Archit Mittal • Apr 20

Tiny agents running inside retro/minimal runtimes is such a fun constraint — forces you to actually think about what the minimum viable agent loop really is. One tip from shipping similar minimal agents: if tool calls aren't needed, a single-shot prompt with structured JSON output is often more reliable than a full ReAct loop for the 80% case, and you can fall back to looping only when the model signals it needs more info. Cuts latency significantly on weak runtimes.

PEACEBINFLOW • Apr 22

The thing that strikes me about this is how much of the agent's behavior is just... a loop with a JSON parser. The magic isn't in the code, it's in the instructions file. The harness is thin. The tools are straightforward. The LLM does the heavy lifting of deciding what to do and when.

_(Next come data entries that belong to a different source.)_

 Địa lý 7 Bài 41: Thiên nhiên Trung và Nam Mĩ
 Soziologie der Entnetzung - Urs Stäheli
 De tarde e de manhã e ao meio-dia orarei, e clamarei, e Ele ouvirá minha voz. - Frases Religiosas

What's interesting is how that flips the normal programming instinct. Usually we try to encode the intelligence in the logic—branching, state machines, careful error handling. Here, the logic is just a delivery mechanism for context. The real "program" is the prose you write in instructions.txt. That's a weird shift. It means debugging is less about stepping through code and more about rephrasing a paragraph until the model consistently does what you want.

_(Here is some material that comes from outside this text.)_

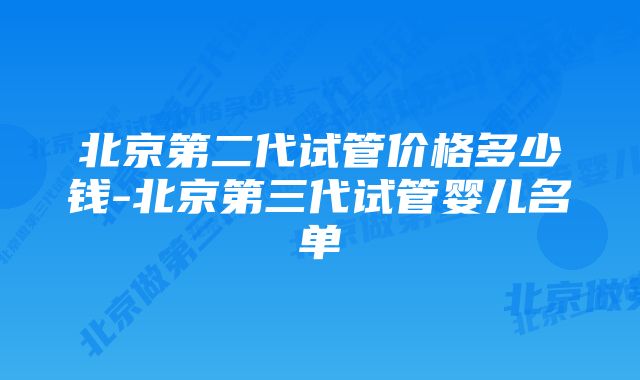 北京第二代试管价格多少钱-北京第三代试管婴儿名单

The context management with the 4096 character rolling window is the quiet, practical detail that keeps this from being a toy. Without it, the history would grow unbounded and either blow the token limit or just get expensive. But it also means the agent has a kind of short-term amnesia. It remembers the last few exchanges, then forgets. For file manipulation tasks, that's probably fine. For longer, more meandering conversations, you'd feel the boundary.

I'm curious how often the JSON formatting reminder actually fires. In my experience, even the smaller models are pretty good at sticking to a schema once you've defined it clearly in the system prompt. But maybe the nano model drifts more. Does it happen often enough that you've considered just using a regex fallback to extract tool calls from malformed responses, or is the stern reminder usually enough?

JoeStrout • Apr 22

Yeah, those are good observations and you're right, it's a paradigm shift.

I only observed the model forgetting to respond in JSON once in two days of testing. I think the reminder would be enough to get it back on track.

mote • Apr 18

Interesting approach! The "harness" concept is a clean abstraction — separating the agent logic from the tool layer.

One thing worth considering: agents like this need persistent state between sessions. If MiniClaw runs once and exits, any context it learned gets lost. The most useful agents maintain some form of memory that survives restarts.

How are you handling the context window management? That's usually where these agents hit limits — the longer a session runs, the more tokens get consumed by conversation history. A sliding window approach or explicit summarization helps, but it's tricky to implement correctly.

For anyone building similar agents, I'd also think about tool access scopes. Giving write access to /usr/workspace is reasonable, but what about accidental destructive operations? Some form of confirmation or sandboxing for risky tools (delete, rm, etc.) prevents oops moments.

JoeStrout • Apr 22

MiniClaw manages context by simply forgetting the oldest history entries when history gets too long (by number of entries or total size). That's a crude method, of course; better would be to summarize, as you say, but I wanted to keep it simple.

Mini Micro already runs in a sandbox; it's incapable (at the virtual "hardware" level) of accessing anything outside the folder or zip file that you mount. So, MiniClaw get reliable sandboxing for free.

You're right about persistent state, though — that's a whole other layer, and important for some kinds of agents. A memory file would be a good first stab at that, but that also eats up context space, so it would have to be managed carefully.

Suny Choudhary • Apr 17

Love seeing stuff like this.

Tiny agents are honestly more interesting to me than giant stacks sometimes. Less magic, more clarity. You actually get to see where the behavior is coming from.